The rapid adoption of generative AI (GenAI) in bioscience has significantly lowered barriers to biotechnology misuse, enabling novel dual-use threats—including synthetic viral protein generation and toxin design—while existing safeguards remain vulnerable to jailbreaking and prompt engineering attacks. Method: We conduct the first systematic analysis of GenAI’s multidimensional threat vectors in biology, grounded in interviews with 130 cross-disciplinary experts (76% expressed concern about misuse; 74% advocated for novel governance). Contribution/Results: We propose a layered, co-adaptive security framework integrating technology, governance, and regulation. Innovatively, we design an end-to-end defense architecture incorporating input data filtering, ethics-aligned model training, and real-time request monitoring—advancing security-by-design principles in AI development. This yields a pragmatic, implementable blueprint for biosecurity that bridges technical robustness with policy feasibility.
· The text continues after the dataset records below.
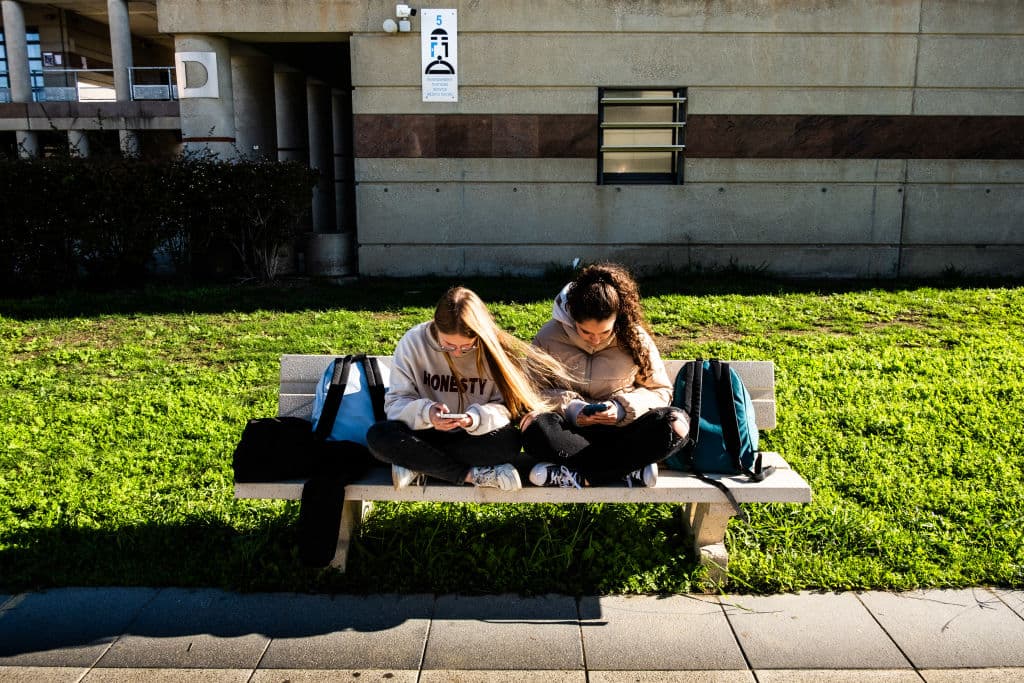 Jóvenes adolescentes y estudiantes de secundaria sentadas en un banco durante el recreo del instituto y consultando sus teléfonos o smartphones y redes sociales una al lado de la otra en el Lycee Aristide Maillol de Perpiñán, en el departamento de Pirineos Orientales, en el sur de Francia, el 14 de noviembre de 2024. (Foto de Jc Milhet / Hans Lucas / Hans Lucas vía AFP) (Foto de JC MILHET/Hans Lucas/AFP vía Getty Images)
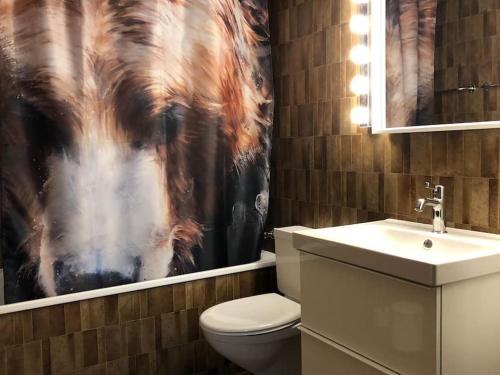 a bathroom with a horse shower curtain and a toilet at Central City - inkl Parking and Bern Ticket in Bern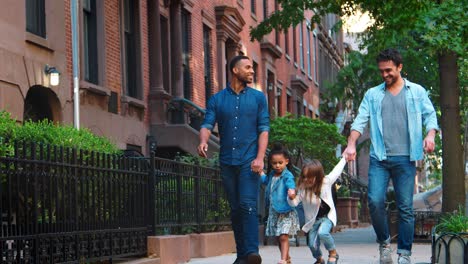 Two-fathers-and-their-daughters-walk-in-the-street-talking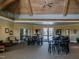 Community meeting area featuring multiple tables, seating, and decor at 12 Cabin Crk, Pittsboro, NC 27312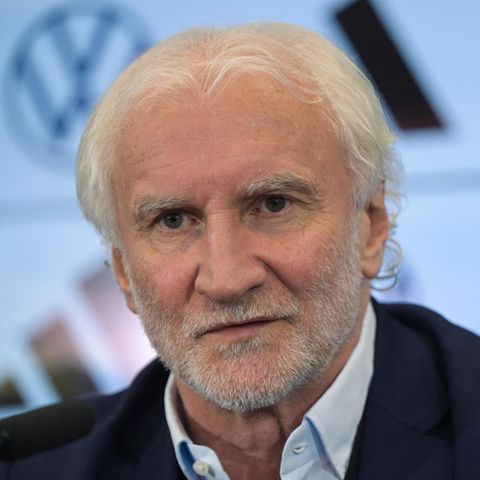 Rudi Völler, ein weißer Mann mit weißen Locken und Drei-Tage-Bart, sitzt in Hemd und Jackett auf einem Podium und spricht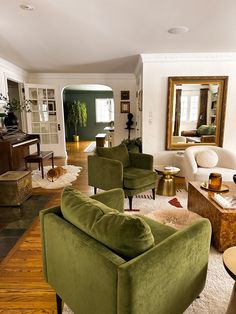 a living room with two green chairs in it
The rapid adoption of generative artificial intelligence (GenAI) in the biosciences is transforming biotechnology, medicine, and synthetic biology. Yet this advancement is intrinsically linked to new vulnerabilities, as GenAI lowers the barrier to misuse and introduces novel biosecurity threats, such as generating synthetic viral proteins or toxins. These dual-use risks are often overlooked, as existing safety guardrails remain fragile and can be circumvented through deceptive prompts or jailbreak techniques. In this Perspective, we first outline the current state of GenAI in the biosciences and emerging threat vectors ranging from jailbreak attacks and privacy risks to the dual-use challenges posed by autonomous AI agents. We then examine urgent gaps in regulation and oversight, drawing on insights from 130 expert interviews across academia, government, industry, and policy. A large majority ($approx 76$%) expressed concern over AI misuse in biology, and 74% called for the development of new governance frameworks. Finally, we explore technical pathways to mitigation, advocating a multi-layered approach to GenAI safety. These defenses include rigorous data filtering, alignment with ethical principles during development, and real-time monitoring to block harmful requests. Together, these strategies provide a blueprint for embedding security throughout the GenAI lifecycle. As GenAI becomes integrated into the biosciences, safeguarding this frontier requires an immediate commitment to both adaptive governance and secure-by-design technologies.